Però riguarda ben; sì vederai

cose che torrien fede al mio sermone».

 

Dante sente levarsi dei lamenti da ogni parte e non vede chi li emette, perciò si ferma e rimane confuso. Egli crede che degli spiriti si nascondano tra le piante, ma Virgilio, che ha intuito l’errore del discepolo, lo invita a spezzare un ramoscello da uno degli alberi per scoprire il mistero che circonda la selva. Dante obbedisce e appena ha spezzato il ramo di un albero, dal tronco esce, mista a sangue nero, la voce di uno spirito che accusa Dante di non avere pietà nei suoi confronti. Dal tronco spezzato escono le parole, simili ad un soffio, e insieme il sangue, cosa che induce Dante a lasciar cadere a terra il ramo e a restare in attesa, pieno di timore. Virgilio prende la parola e dice all’anima imprigionata nell’albero di essere stato costretto a indurre Dante a compiere quel gesto, perché solo così egli avrebbe compreso ciò che lui stesso aveva cantato nei versi dell’Eneide. Quindi invita il dannato a manifestarsi e a raccontare la sua storia, affinché Dante, tornato sulla Terra, possa risarcirlo del danno subìto restaurando la sua fama (vv. 31-39):

 

«Allor porsi la mano un poco avante

e colsi un ramicel da un gran pruno;

e ’l tronco suo gridò: “Perché mi schiante?”.

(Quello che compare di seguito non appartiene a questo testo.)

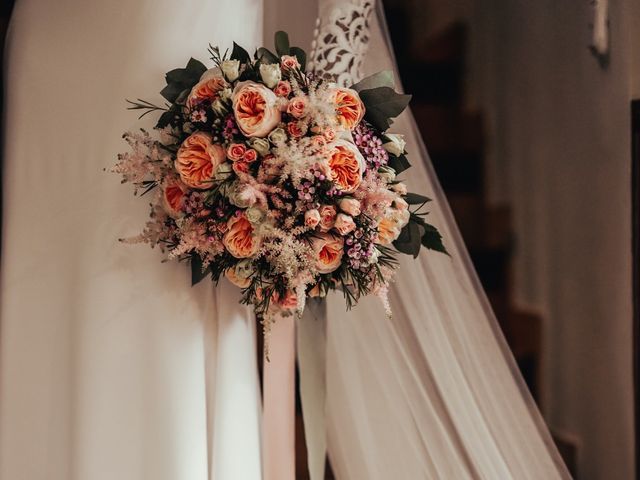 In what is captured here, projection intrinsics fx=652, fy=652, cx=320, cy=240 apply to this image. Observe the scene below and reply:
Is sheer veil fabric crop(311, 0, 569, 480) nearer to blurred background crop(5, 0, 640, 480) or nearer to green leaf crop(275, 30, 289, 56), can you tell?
green leaf crop(275, 30, 289, 56)

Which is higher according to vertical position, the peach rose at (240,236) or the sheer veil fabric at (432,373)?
the peach rose at (240,236)

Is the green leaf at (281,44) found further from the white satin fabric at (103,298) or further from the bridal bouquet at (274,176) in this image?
the white satin fabric at (103,298)

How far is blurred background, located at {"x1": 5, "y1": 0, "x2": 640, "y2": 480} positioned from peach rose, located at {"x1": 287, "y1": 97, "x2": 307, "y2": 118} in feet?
1.41

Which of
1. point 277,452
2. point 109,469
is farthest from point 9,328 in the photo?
point 277,452

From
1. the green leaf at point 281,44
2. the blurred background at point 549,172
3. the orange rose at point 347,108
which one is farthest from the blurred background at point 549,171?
the orange rose at point 347,108

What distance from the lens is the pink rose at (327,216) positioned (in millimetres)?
943

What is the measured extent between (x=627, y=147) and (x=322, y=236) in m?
0.96

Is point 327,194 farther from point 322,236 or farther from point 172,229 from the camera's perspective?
point 172,229

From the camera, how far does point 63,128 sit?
45.9 inches

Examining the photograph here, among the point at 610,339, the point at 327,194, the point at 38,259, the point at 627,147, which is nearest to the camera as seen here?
the point at 327,194

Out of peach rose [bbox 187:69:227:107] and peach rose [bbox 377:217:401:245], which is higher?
peach rose [bbox 187:69:227:107]

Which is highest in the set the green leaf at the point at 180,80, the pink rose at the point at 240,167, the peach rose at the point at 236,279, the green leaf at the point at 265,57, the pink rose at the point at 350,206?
the green leaf at the point at 265,57

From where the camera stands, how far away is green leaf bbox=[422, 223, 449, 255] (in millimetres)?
1113

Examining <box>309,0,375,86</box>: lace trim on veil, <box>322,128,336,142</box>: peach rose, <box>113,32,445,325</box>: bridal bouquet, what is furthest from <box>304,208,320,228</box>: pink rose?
<box>309,0,375,86</box>: lace trim on veil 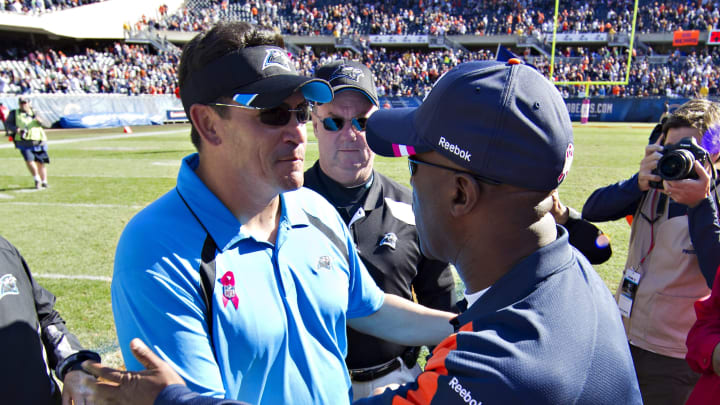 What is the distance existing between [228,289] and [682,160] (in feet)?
7.58

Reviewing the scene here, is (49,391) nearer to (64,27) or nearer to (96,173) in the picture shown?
(96,173)

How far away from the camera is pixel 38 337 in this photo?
2309 mm

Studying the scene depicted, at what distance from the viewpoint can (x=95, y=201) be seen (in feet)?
33.0

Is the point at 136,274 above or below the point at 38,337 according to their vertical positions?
above

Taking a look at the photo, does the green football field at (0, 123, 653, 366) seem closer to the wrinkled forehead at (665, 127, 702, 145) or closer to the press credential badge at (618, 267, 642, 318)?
the press credential badge at (618, 267, 642, 318)

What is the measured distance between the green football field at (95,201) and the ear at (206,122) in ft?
9.93

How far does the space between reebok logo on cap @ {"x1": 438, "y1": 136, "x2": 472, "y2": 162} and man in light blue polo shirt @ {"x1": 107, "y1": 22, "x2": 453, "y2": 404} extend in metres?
0.73

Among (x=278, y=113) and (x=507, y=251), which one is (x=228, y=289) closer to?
(x=278, y=113)

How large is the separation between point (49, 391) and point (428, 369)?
1983 mm

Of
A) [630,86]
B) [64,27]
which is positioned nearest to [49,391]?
[630,86]

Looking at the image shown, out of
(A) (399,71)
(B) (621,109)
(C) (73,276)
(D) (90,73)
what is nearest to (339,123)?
(C) (73,276)

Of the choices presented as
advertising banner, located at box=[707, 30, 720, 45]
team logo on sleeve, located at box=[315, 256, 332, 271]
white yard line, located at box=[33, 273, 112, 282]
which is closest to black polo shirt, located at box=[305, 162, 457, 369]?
team logo on sleeve, located at box=[315, 256, 332, 271]

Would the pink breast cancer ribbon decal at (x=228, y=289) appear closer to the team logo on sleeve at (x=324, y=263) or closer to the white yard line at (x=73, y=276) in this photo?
the team logo on sleeve at (x=324, y=263)

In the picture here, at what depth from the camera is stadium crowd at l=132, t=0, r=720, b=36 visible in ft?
139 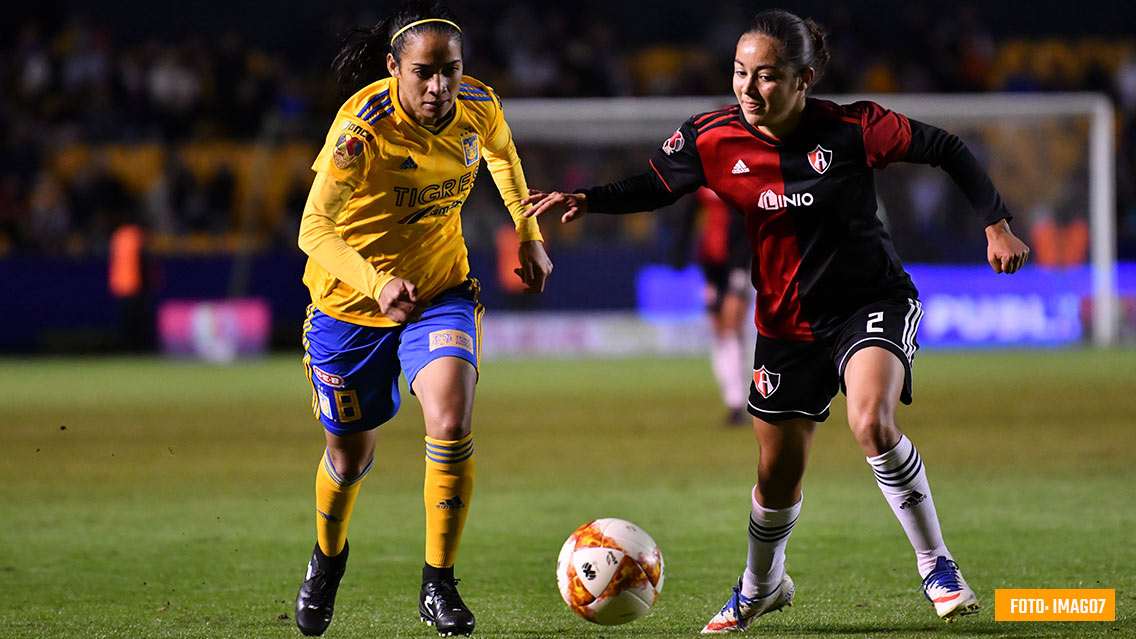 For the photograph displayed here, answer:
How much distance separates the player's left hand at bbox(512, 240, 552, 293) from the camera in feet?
16.8

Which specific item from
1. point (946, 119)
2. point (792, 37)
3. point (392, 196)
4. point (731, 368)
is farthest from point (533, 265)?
point (946, 119)

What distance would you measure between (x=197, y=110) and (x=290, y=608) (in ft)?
63.8

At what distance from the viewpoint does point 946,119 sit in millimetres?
21141

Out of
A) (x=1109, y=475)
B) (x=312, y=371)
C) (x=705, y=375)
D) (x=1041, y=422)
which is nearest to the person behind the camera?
(x=312, y=371)

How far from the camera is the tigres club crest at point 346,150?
15.4 feet

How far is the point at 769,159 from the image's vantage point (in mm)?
4684

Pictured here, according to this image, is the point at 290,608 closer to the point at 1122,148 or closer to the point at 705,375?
the point at 705,375

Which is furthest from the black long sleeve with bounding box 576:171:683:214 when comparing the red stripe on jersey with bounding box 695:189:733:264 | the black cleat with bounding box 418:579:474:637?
the red stripe on jersey with bounding box 695:189:733:264

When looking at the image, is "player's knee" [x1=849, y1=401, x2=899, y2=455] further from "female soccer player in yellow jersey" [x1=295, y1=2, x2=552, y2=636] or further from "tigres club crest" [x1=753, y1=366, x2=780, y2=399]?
"female soccer player in yellow jersey" [x1=295, y1=2, x2=552, y2=636]

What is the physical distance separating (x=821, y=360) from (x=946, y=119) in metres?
17.4

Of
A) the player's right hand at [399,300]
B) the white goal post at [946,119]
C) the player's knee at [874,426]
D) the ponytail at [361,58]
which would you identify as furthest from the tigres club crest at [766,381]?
the white goal post at [946,119]

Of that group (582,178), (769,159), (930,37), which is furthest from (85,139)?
(769,159)

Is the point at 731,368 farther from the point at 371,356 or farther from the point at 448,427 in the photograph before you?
the point at 448,427

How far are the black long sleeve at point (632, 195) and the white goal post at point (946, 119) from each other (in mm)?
15672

Da che fatto fu poi di sangue bruno,

ricominciò a dir: “Perché mi scerpi?

non hai tu spirto di pietade alcuno?

Uomini fummo, e or siam fatti sterpi:

ben dovrebb’esser la tua man più pia,

se state fossimo anime di serpi”.». 

 

A questo punto il dannato dichiara che l’offerta è troppo allettante per rifiutarla, quindi inizia a raccontare la sua storia. Scopriamo che il dannato è Pier delle Vigne, colui che fu intimo collaboratore di Federico II di Svevia, tanto fedele da diventarne il solo depositario di tutti i segreti. Per tutta la sua vita aveva svolto il suo incarico con lealtà e dedizione, al punto da perderne la serenità e la vita stessa: infatti il suo zelo aveva acceso contro di lui l’invidia dei cortigiani, facendo crescere le malelingue della corte, e gli stessi cortigiani sobillarono il sovrano e lo indussero ad accusarlo di tradimento. In seguito Pier delle Vigne si era tolto la vita, credendo in tal modo di sfuggire allo sdegno del sovrano e finendo per passare dalla ragione al torto. L’anima conclude il racconto giurando sulle radici della pianta in cui è rinchiuso di essere innocente dell’accusa rivoltagli a suo tempo, pregando Dante di confortare la sua memoria se mai ritornerà nel mondo. (vv. 64- 75):

 

“La meretrice che mai da l’ospizio

di Cesare non torse li occhi putti,

morte comune e de le corti vizio,

infiammò contra me li animi tutti;

e li ’nfiammati infiammar sì Augusto,

che ’ lieti onor tornaro in tristi lutti.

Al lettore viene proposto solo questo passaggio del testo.